• **TASK OBJECTIVE**:
Make an exact copy of the lines from the one holding "Kocam 4K Dash" through the end of the entries below, both ends kept, and of nothing else. Exclude pictures.
==================================================
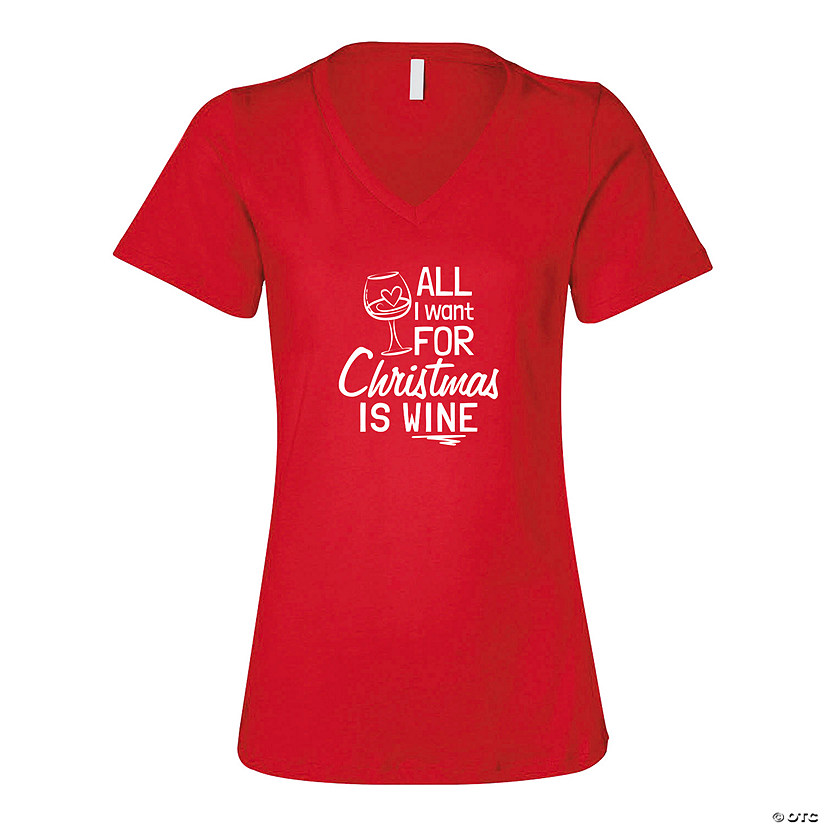 All I Want For Christmas Is Wine Women's T-Shirt Image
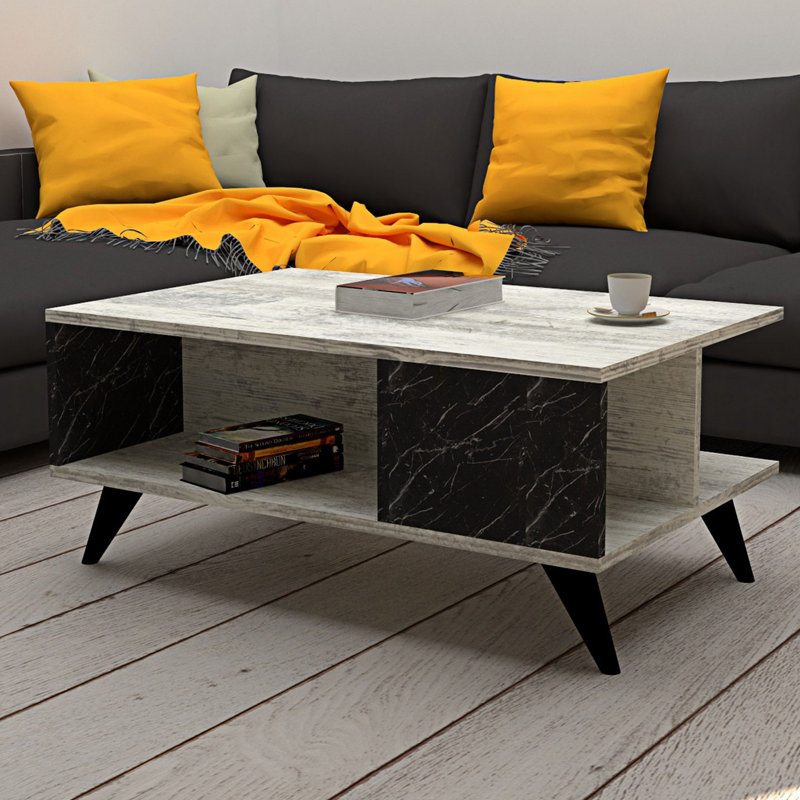 Modern 2-Tier Coffee Table, White & Black, 35.4 x 15.6 x 23.4 inches | 100% Melamine Coated Particle Board, Thickness: 0.7 inches | Stylish Multipurpose Design with Additional Storage for Living Room & Lounge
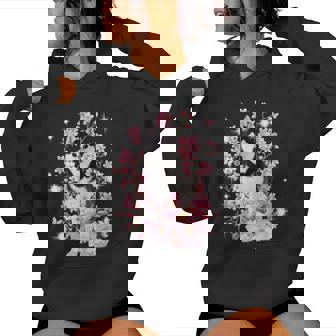 Husky Dog Japanese Cherry Blossom Sakura Flower Women Hoodie - Monsterry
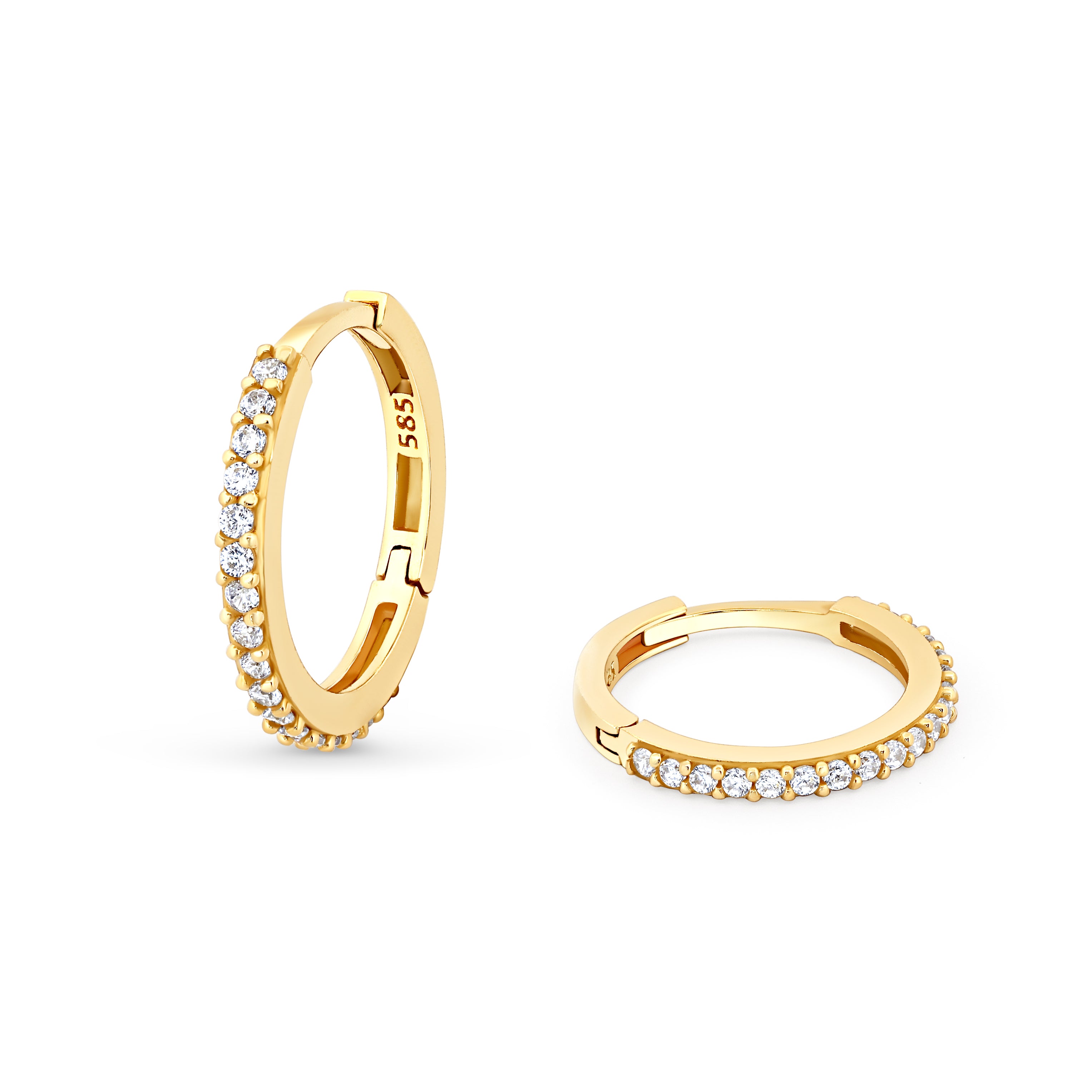 Cercei rotunzi din aur de 14K cu zirconii albe strălucitoare, design clasic și elegant tip hoops.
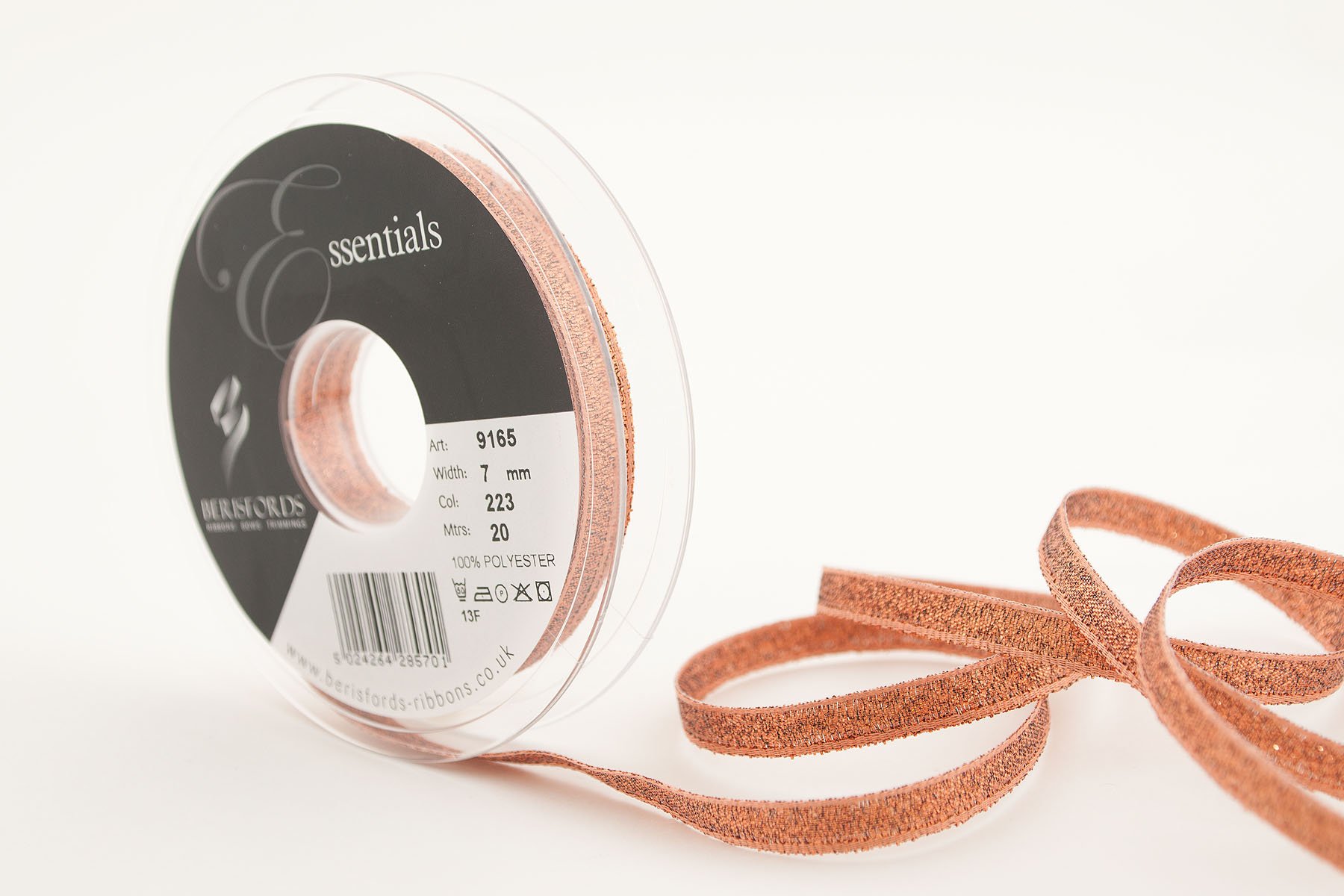 Berisfords 9165 20 m x 7 mm Glitz and Glamour Metallic Lame Ribbon, Copper โ image 1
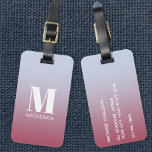 Étiquette À Bagage Monogramme moderne Nom initial Pink Blue Gradient<br><div class="desc">La typographie moderne minimaliste monogramme design de nom initial qui peut être modifié pour personnaliser,  ainsi que les détails sur l'inverse. Blanc sur un arrière - plan dégradé rose à bleu clair.</div>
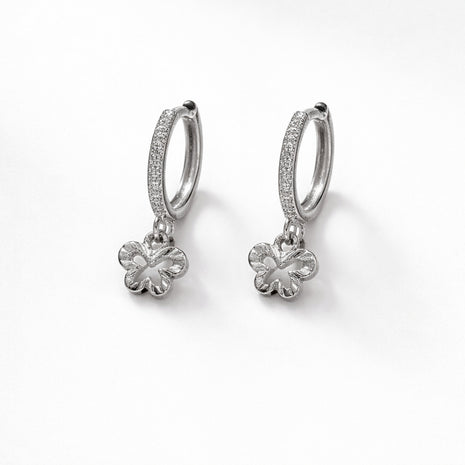 Silver Flutter Charm Hoops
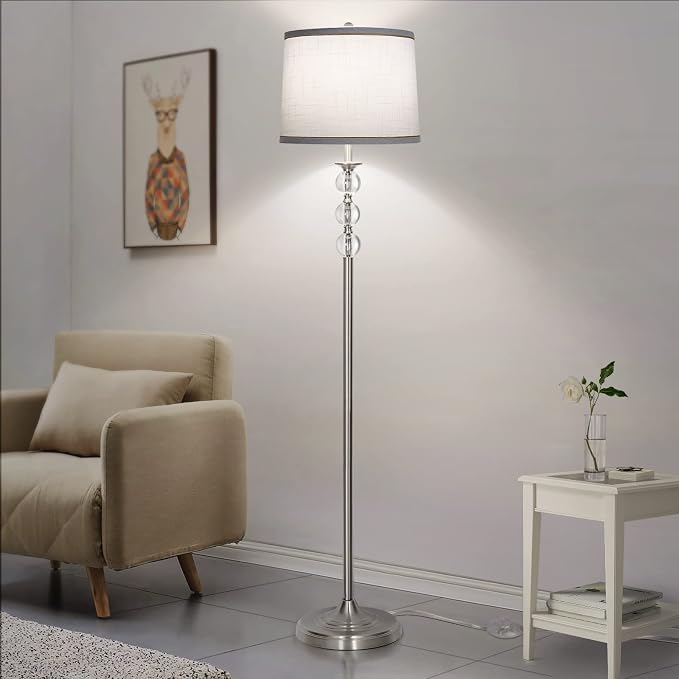 Lampshades Set of 2 for Table Lamps, Floor Lamps, Fabric White Lamp Shades 11.6" Top x 12.6" Bottom x 9.8" High, Drum Lampshades(Spider Fitter), Medium Lamp Shades Replacement, Easy Assembly Required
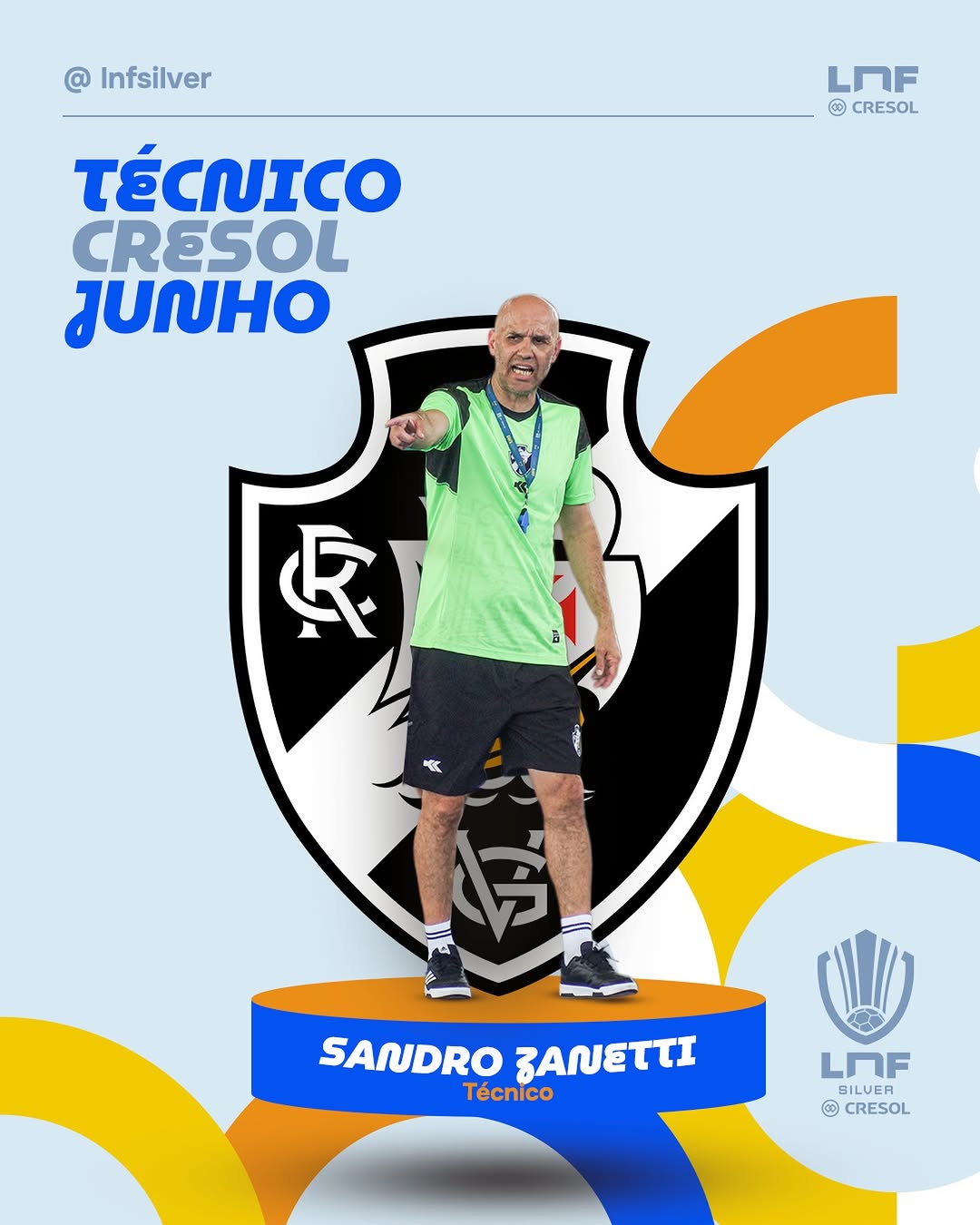 Campanha invicta do Futsal Vasco eleva Sandro Zanetti a técnico do mês de junho na LNF Silver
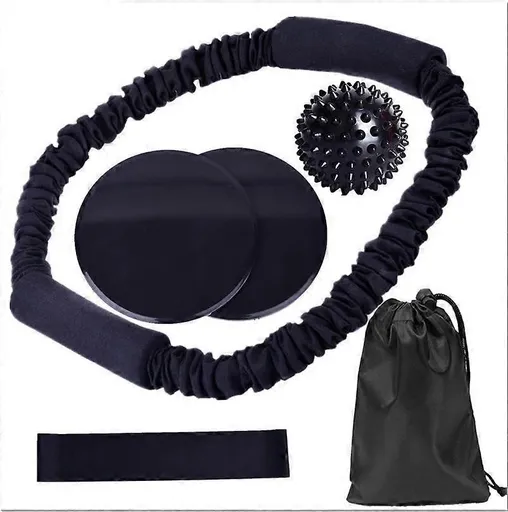 Yoga Fitness O-ring Tensioner Six-piece Stretch Strap For Yoga Exercise Pilates Black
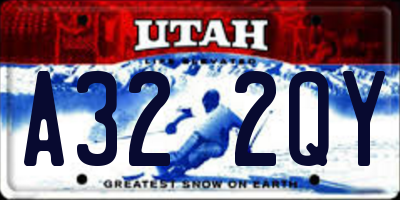 UT license plate A322QY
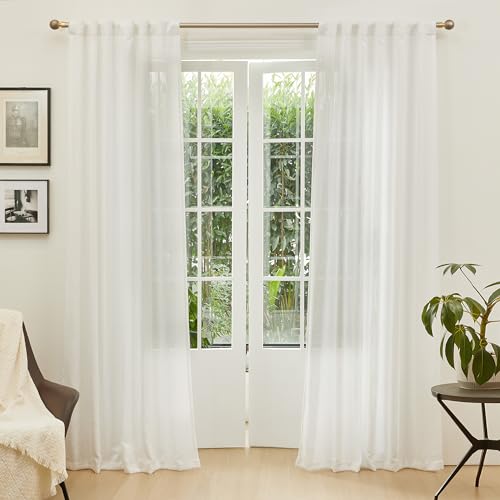 90 Inch Curtains for Sliding Glass Door Windows (50"W x 90"L (Pack of 2) / Beige White)
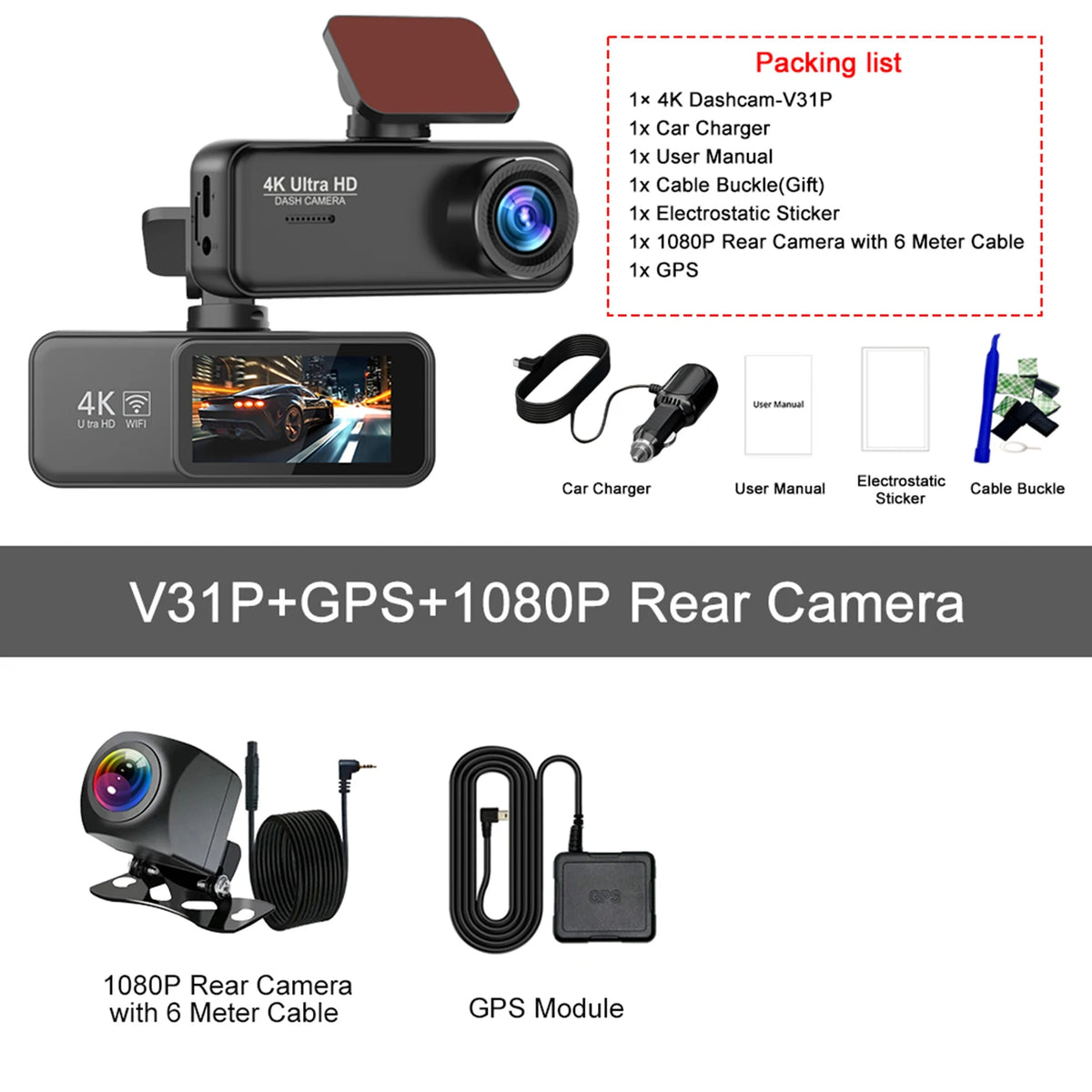 Kocam 4K Dash Cam Front and Rear Dual Channels Dashcam With 24H Parking Monitoring Night Vision DVR Recorder Black Box For Car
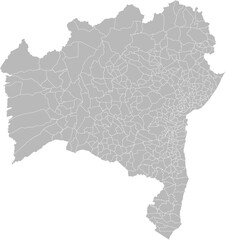 Bahia, Brazil – administrative vector map with municipality boundaries (Web Mercator projection, PPT-compatible & fully editable)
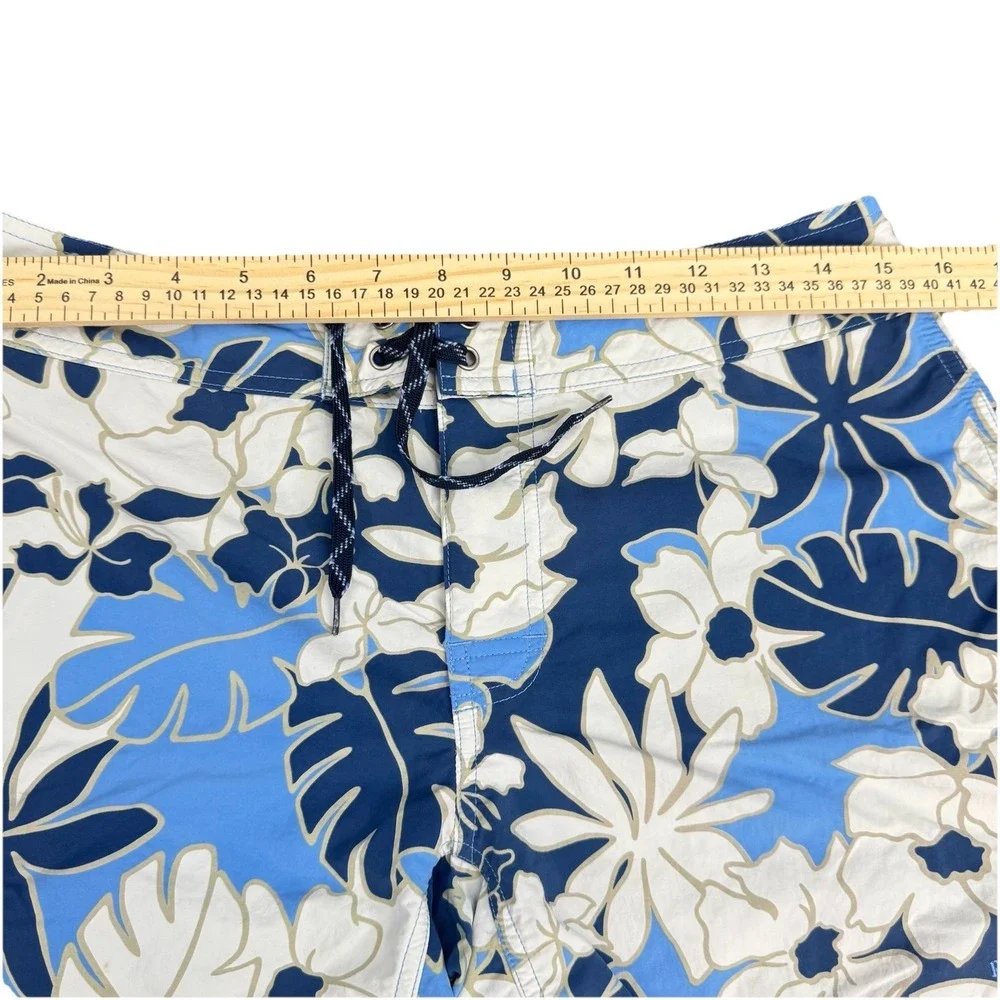Vintage Patagonia SP03 Tropical Floral Board Shorts Blue‎ Women 8 Surf Swim 2003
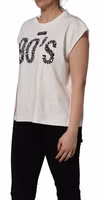 White Cotton Graphic Sleeveless Tank Top 4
==================================================
• **RESULT BELOW**:
 Kocam 4K Dash Cam Front and Rear Dual Channels Dashcam With 24H Parking Monitoring Night Vision DVR Recorder Black Box For Car
 Bahia, Brazil – administrative vector map with municipality boundaries (Web Mercator projection, PPT-compatible & fully editable)
Vintage Patagonia SP03 Tropical Floral Board Shorts Blue‎ Women 8 Surf Swim 2003
 White Cotton Graphic Sleeveless Tank Top 4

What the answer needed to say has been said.